PROBLEM. Please repeat, precisely as written, only the lines from the one containing "Inclined rotary drum" through the last line of the records below, pictures omitted.

--------------------

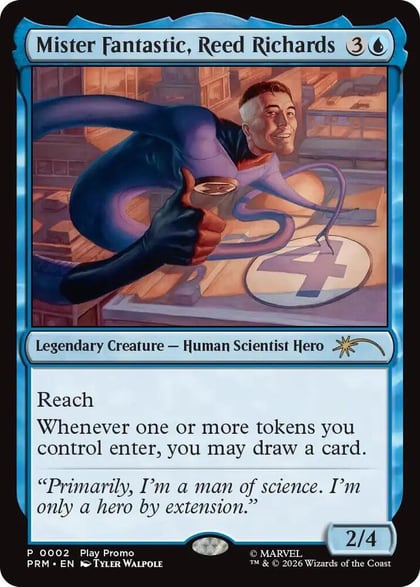 Mister Fantastic, Reed Richards, Standard Showdown Promos 2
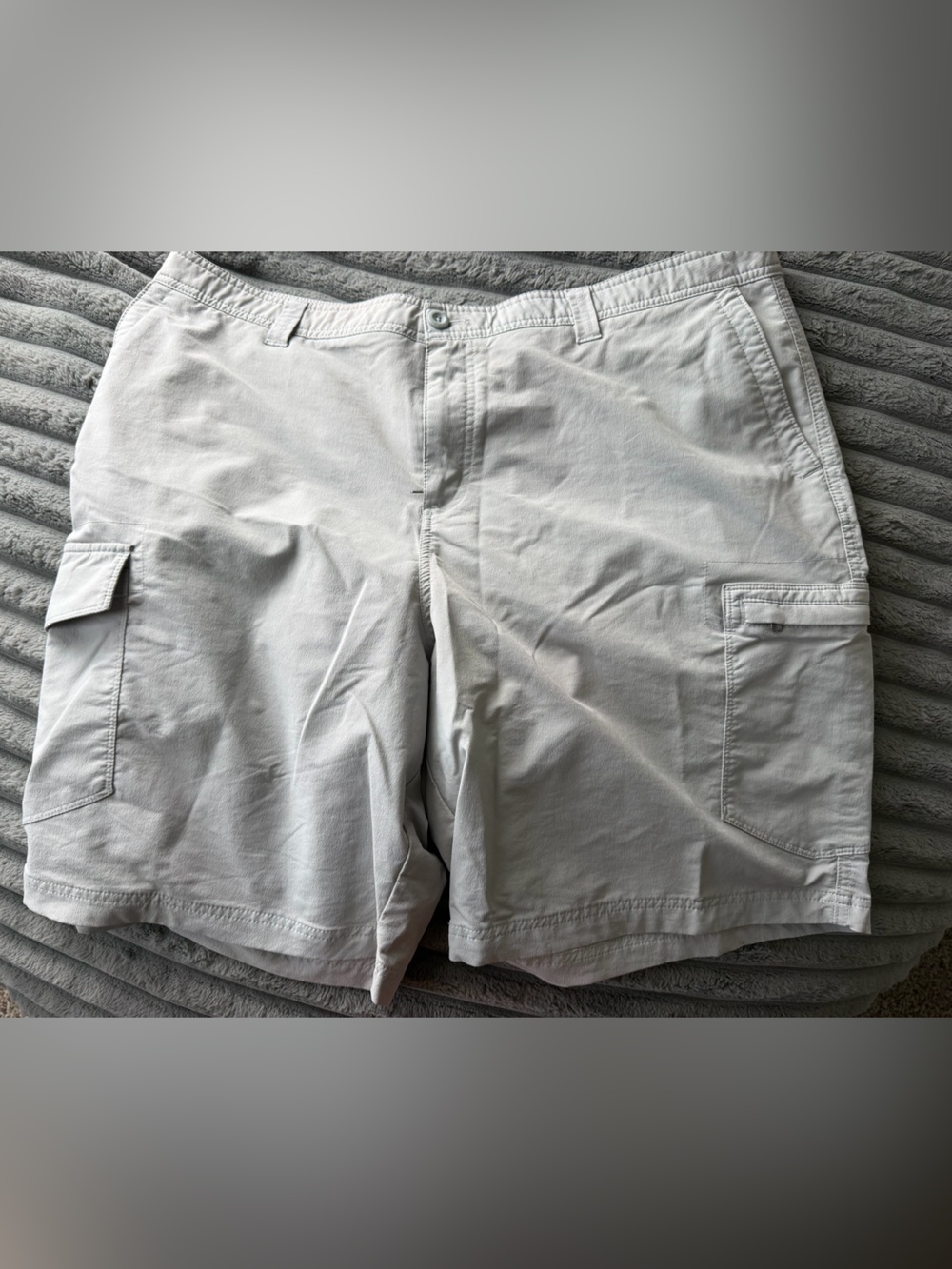 George Men's Light Gray Cargo Shorts
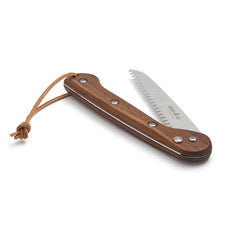 Ljusnan Vikbar Handsåg Valnöt & Rostfritt Stål WALNUT / 180 MM
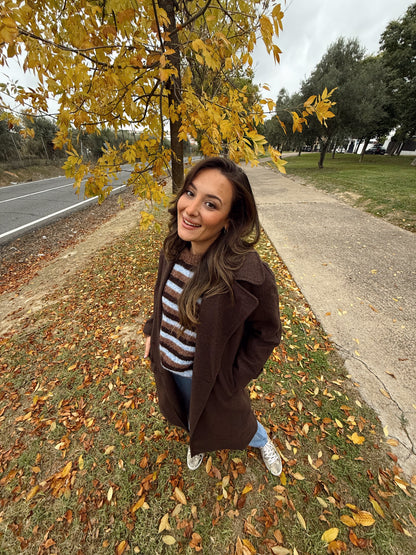 ABRIGO PAÑO MARRÓN LEONORA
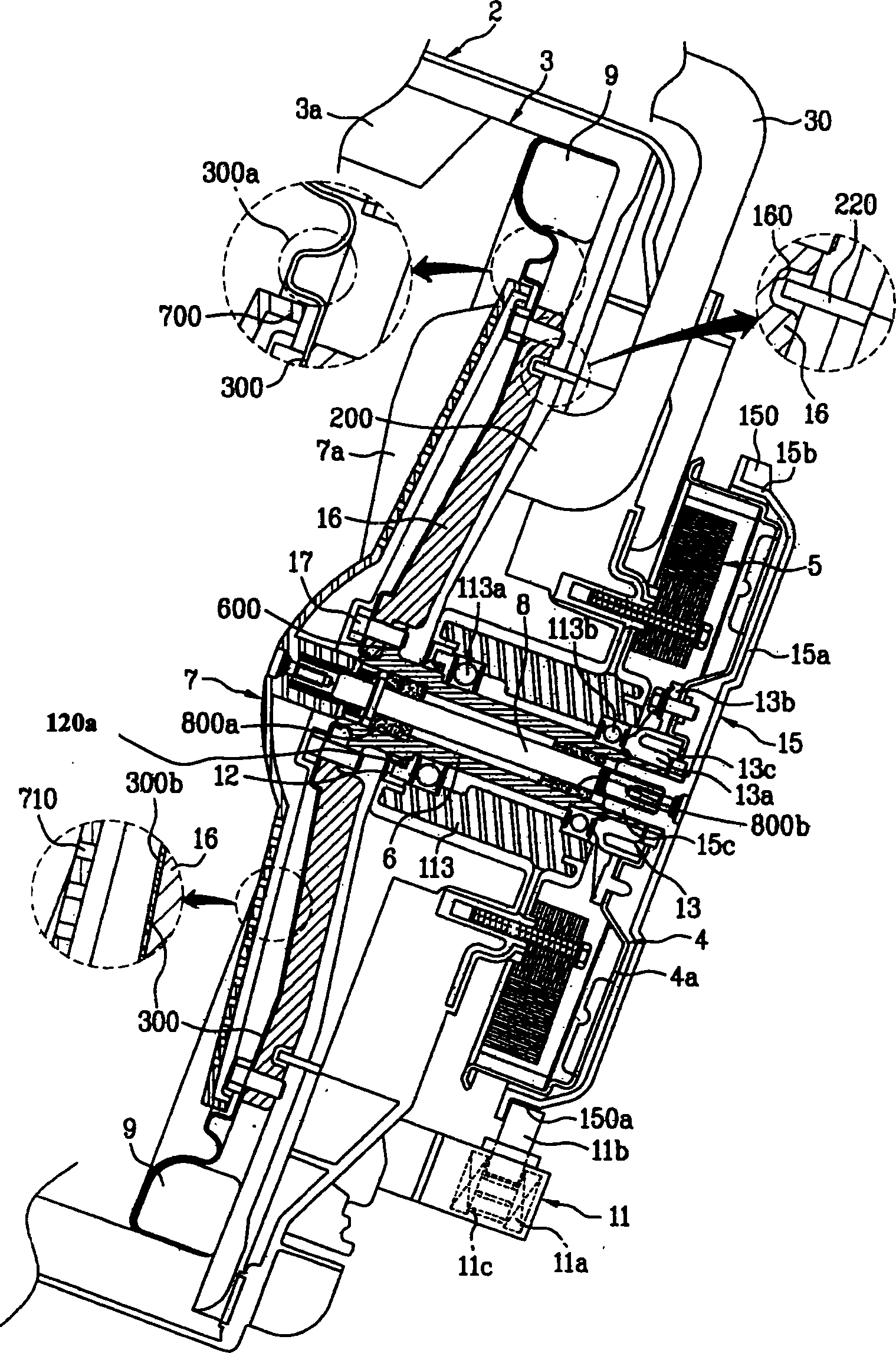 Inclined rotary drum washing machine with pulsating wheel and drying function and control method thereof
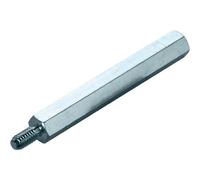 PB Fastener S45530X05, bulloni distanziatori (L) 5 mm, 2,5 M3 x 6, in acciaio zincato, 10 pezzi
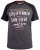 D555 Lismore Raglan Sleeve San Diego Printed T-Shirt Charcoal - Trička - Trička nadměrné velikosti - 2XL-14XL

--------------------

RESPONSE BOX.
 Inclined rotary drum washing machine with pulsating wheel and drying function and control method thereof
 PB Fastener S45530X05, bulloni distanziatori (L) 5 mm, 2,5 M3 x 6, in acciaio zincato, 10 pezzi
 D555 Lismore Raglan Sleeve San Diego Printed T-Shirt Charcoal - Trička - Trička nadměrné velikosti - 2XL-14XL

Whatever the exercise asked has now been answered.